Intended Audience: The intended audience are engineers, PhD students, or interested people who are working in the field of distributed sensor data fusion. The algorithmic and theoretical background of track-to-track fusion, tracklet fusion, and the distributed Kalman
filter should be of interest for the audience. Problems, questions and specific interests are welcome for an open discussion.
Description: The increasing trend towards connected sensors (”internet of things” and ”ubiquitous computing”) derive a demand for powerful distributed estimation methodologies. In tracking applications, the ”Distributed Kalman Filter” (DKF) provides an optimal solution under certain conditions. The optimal solution in terms of the estimation accuracy is also achieved by a centralized fusion algorithm which receives either all associated measurements or so-called tracklets. However, this scheme needs the result of each update step for the optimal solution whereas the DKF works at arbitrary communication rates since the calculation is completely distributed. Two more recent methodologies are based on the ”accumulated state densities” (ASD) which augment the states from multiple time instants. In practical applications, tracklet fusion based on the equivalent measurement often achieves reliable results even if full communication is not available. The limitations and robustness of the tracklet fusion will be discussed.
At first, the tutorial will explain the origin of the challenges in distributed tracking. Then, possible solutions to them are derived and illuminated. In particular, algorithms will be provided for each presented solution.
The list of topics includes: Short introduction to target tracking, Tracklet Fusion, Exact Fusion with cross-covariances, Naive Fusion, Federated Fusion, Decentralized Fusion (Consensus Kalman Filter), Distributed Kalman Filter (DKF), Debiasing for the DKF, Distributed ASD Fusion, Augmented State Tracklet Fusion.

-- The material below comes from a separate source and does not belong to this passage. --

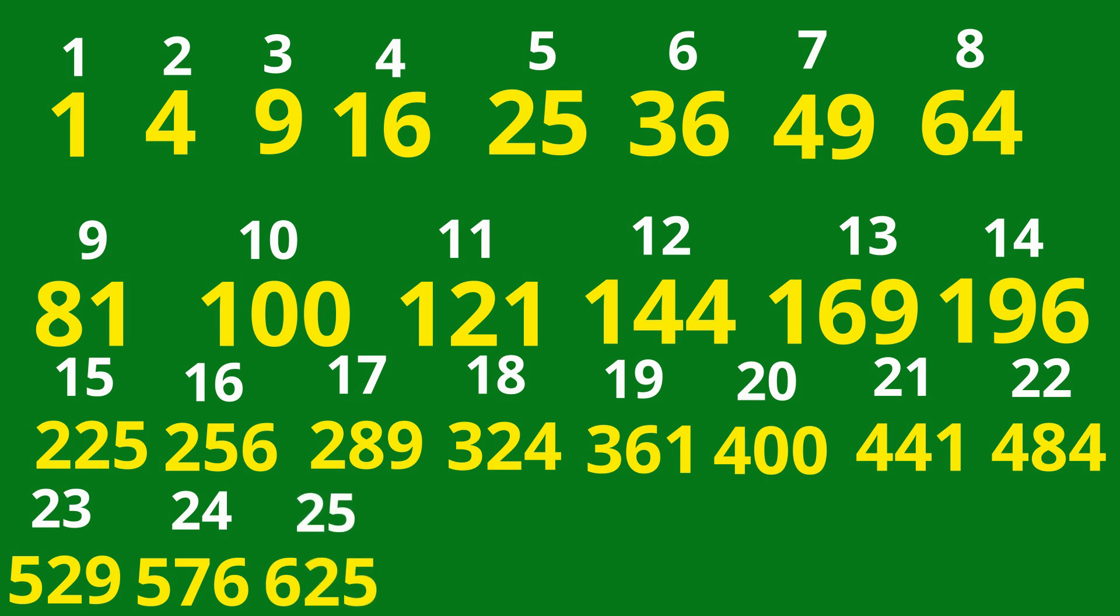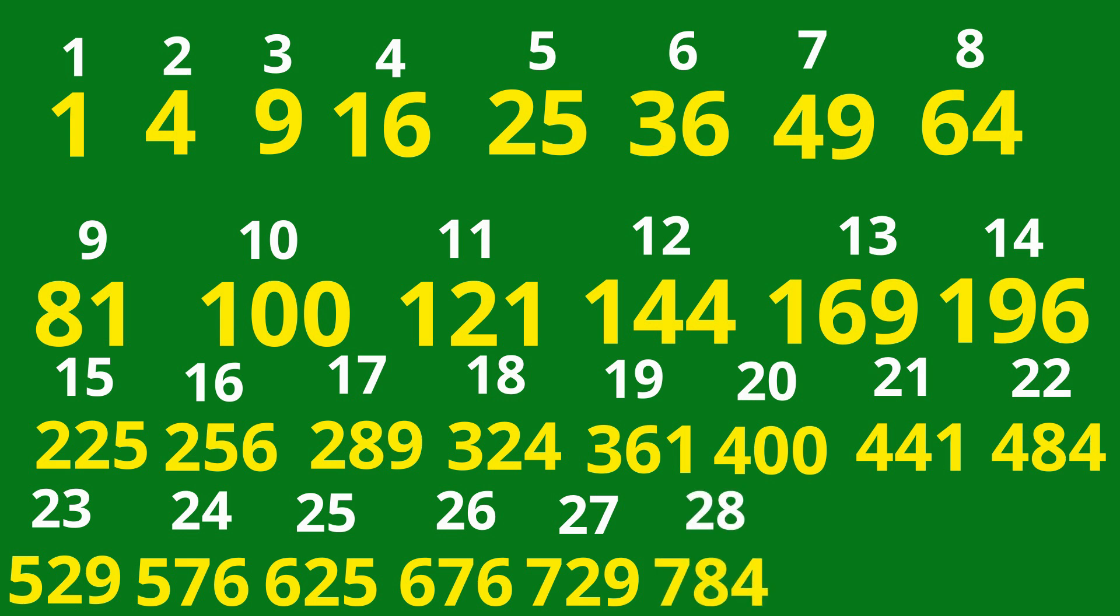625, 25 squared. 676, 26 squared. 729, 27 squared. 784, 28 squared. 841, 29 squared.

Prerequisites: Participants should have some background knowledge on basic operations in stochastic theory and linear algebra.
Presenter: Felix Govaers
Felix Govaers received his Diploma in Mathematics and his PHD with the title ”Advanced data fusion in distributed sensor applications” in Computer Science, both at the University of Bonn, Germany. Since 2009 he works at Fraunhofer FKIE in the department for Sensor Data Fusion and Information Processing where he now leads the team ”Distributed Systems”. The
research of Felix Govaers is focused on data fusion for state estimation in sensor networks. This includes track-extraction, processing of delayed measurements as well as the Distributed Kalman filter and track-to-track fusion.